その他特別な研究成果(所属プロジェクトなし)

現行の総合エネルギー統計においては、石油精製部門のエネルギー・炭素収支について、原油などの投入側とガソリンなどの産出側の数量のみを基準としてこれを算定しており、投入と産出の差分は全て誤差としエネルギー消費やエネルギー起源CO₂排出の算定から除外している。
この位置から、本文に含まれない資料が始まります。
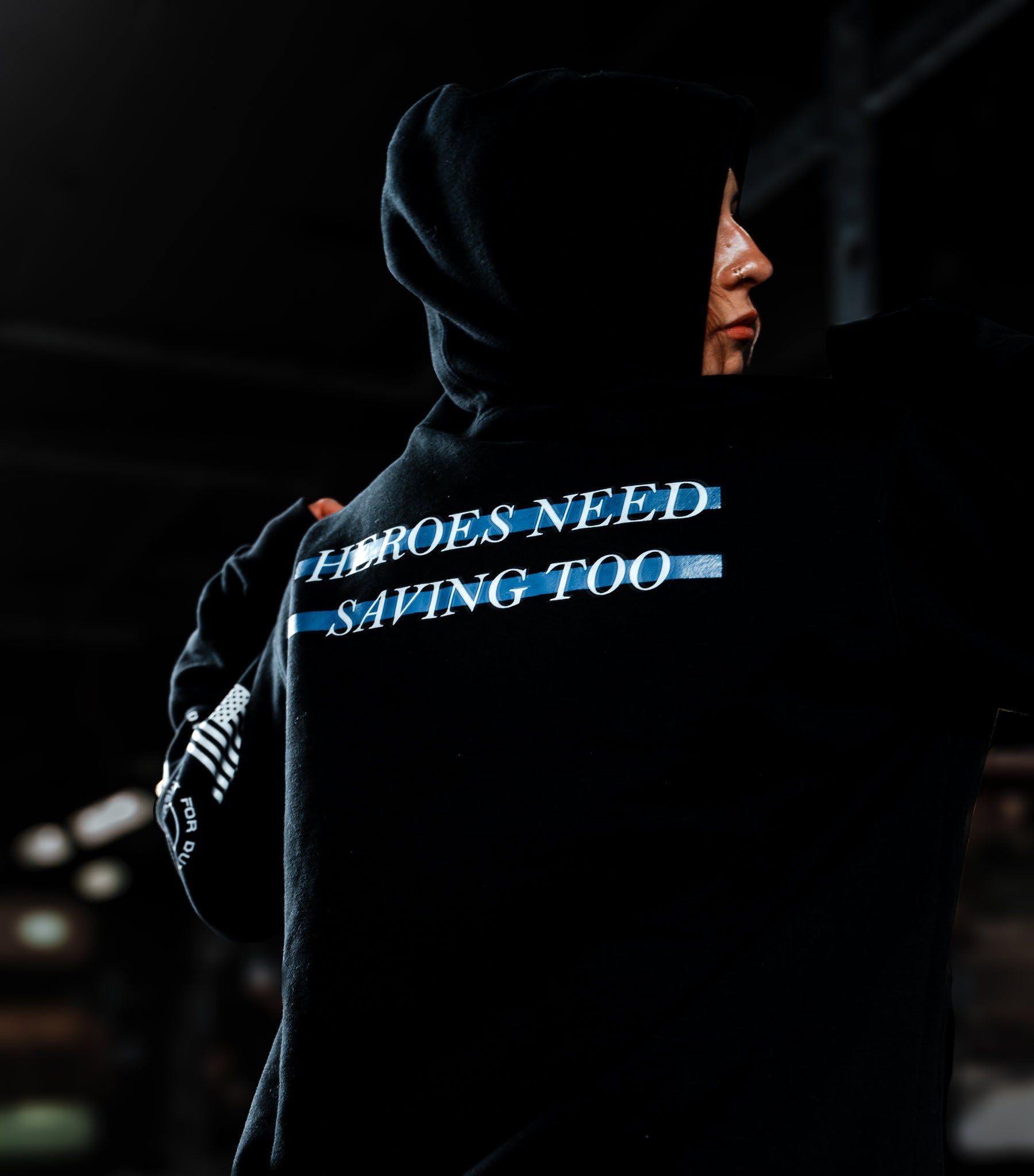Person wearing a hoodie with text 'Heroes Need Saving Too' in a dark setting.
しかし、重質油分解触媒の再生時に発生するオイルコークスの焼却分など、当該差分のうちエネルギー起源CO₂の排出源となっている部分が存在する可能性が環境省の関連検討会において指摘されており、石油精製部門についてのエネルギー・炭素収支の統計精度の向上が課題となっていた。

本稿においては、関連する各種の公的統計値を基礎に2013年度から適用される新たな標準発熱量及び炭素排出係数など最新の知見を用いて過去の石油精製部門のエネルギー・炭素収支を正確に再計測し、重質油分解触媒の再生時の排出などと推定される部分と、なお誤差と推定される部分を分離して推計する手法を開発した。

当該結果から、総合エネルギー統計において当該手法を用いて算定される石油精製部門における重質油分解触媒の再生時のエネルギー損失およびCO₂排出などを新たにエネルギー消費およびエネルギー起源CO₂排出として位置づけ、今後当該消費および排出分を公式に計上・報告していくことが妥当であると考えられる。